Oh, I agree. It's clearly what Eru had envisioned for them. The Valar seem to have become complacent in their isolated realm of Valinor. They'd captured their brother, there was no reason they couldn't have come back to the rest of the world and restarted what they'd stopped, now with Elvish support. Eventually Men were supposed to show up and the Elves would have needed to return with them to the West anyhow.


----------



## Elthir (Aug 23, 2021)

ZehnWaters said:


> No, according to The Silmarillion any elf who didn't see the light of the Two Trees personally was a Moriquendi. You're thinking of the difference between the Avari and the Eldar.



I'm _guessing_ *Alcuin* was thinking (when he wrote that the "Moriquendi did not include the Sindar") of the description (Quendi And Eldar) in which the Exiles altered their use of _Calaquendi _and _Moriquendi_ -- the former term dropped out of use, except in written Noldorin lore, while _Moriquendi_ was applied to other Elves except the Noldor and Sindar.

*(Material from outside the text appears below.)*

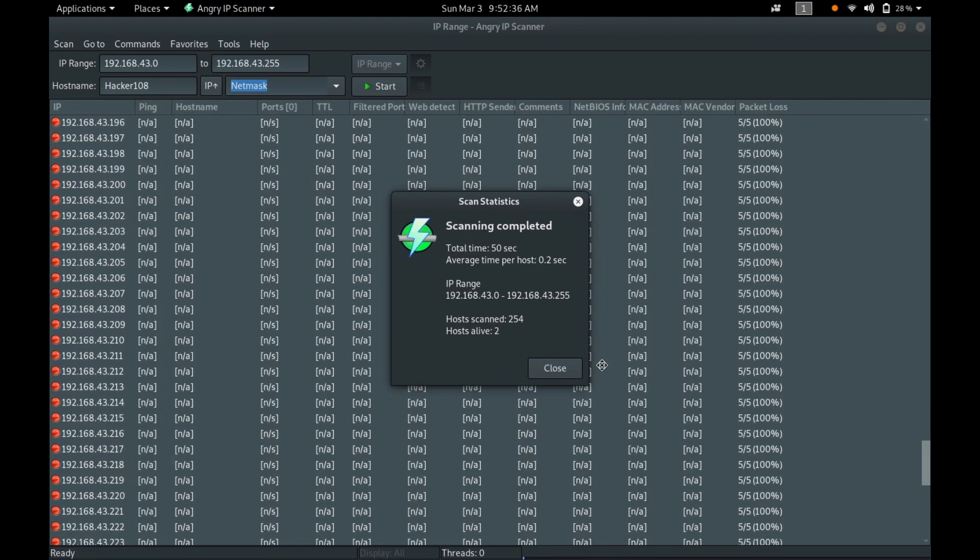The scan is completed. You can see only two live hosts. Total 254 it scanned.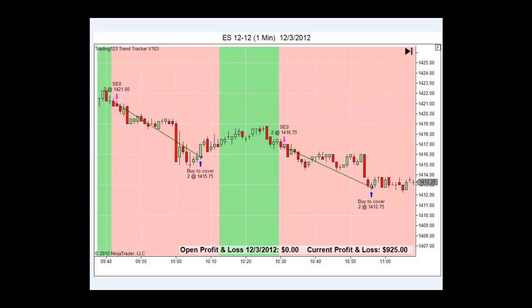I hope you enjoyed the video and good luck with your trading. For more information on the Trading123 Trend Tracker, visit our website at trading123.net — it's only available for the NinjaTrader platform.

That said, in any case my definition of* Eldar* hails from _The Lord of the Rings_ (author published text), not _Quendi And Eldar_ -- odd though it may seem, given the title and date of the work!

🐾


----------



## Alcuin (Aug 24, 2021)

ZehnWaters said:


> *snort* can you imagine? Some elves wander into a cave and come across the sleeping dwarves. "What is it?" *poking it with a stick*


Well, that would go a long way towards explaining some of the animosity between Dwarves and Elves.


----------



## ZehnWaters (Aug 24, 2021)

Alcuin said:


> Well, that would go a long way towards explaining some of the animosity between Dwarves and Elves.


"Is it an animal?"
"Do animals normally have such long hair on their heads?"


----------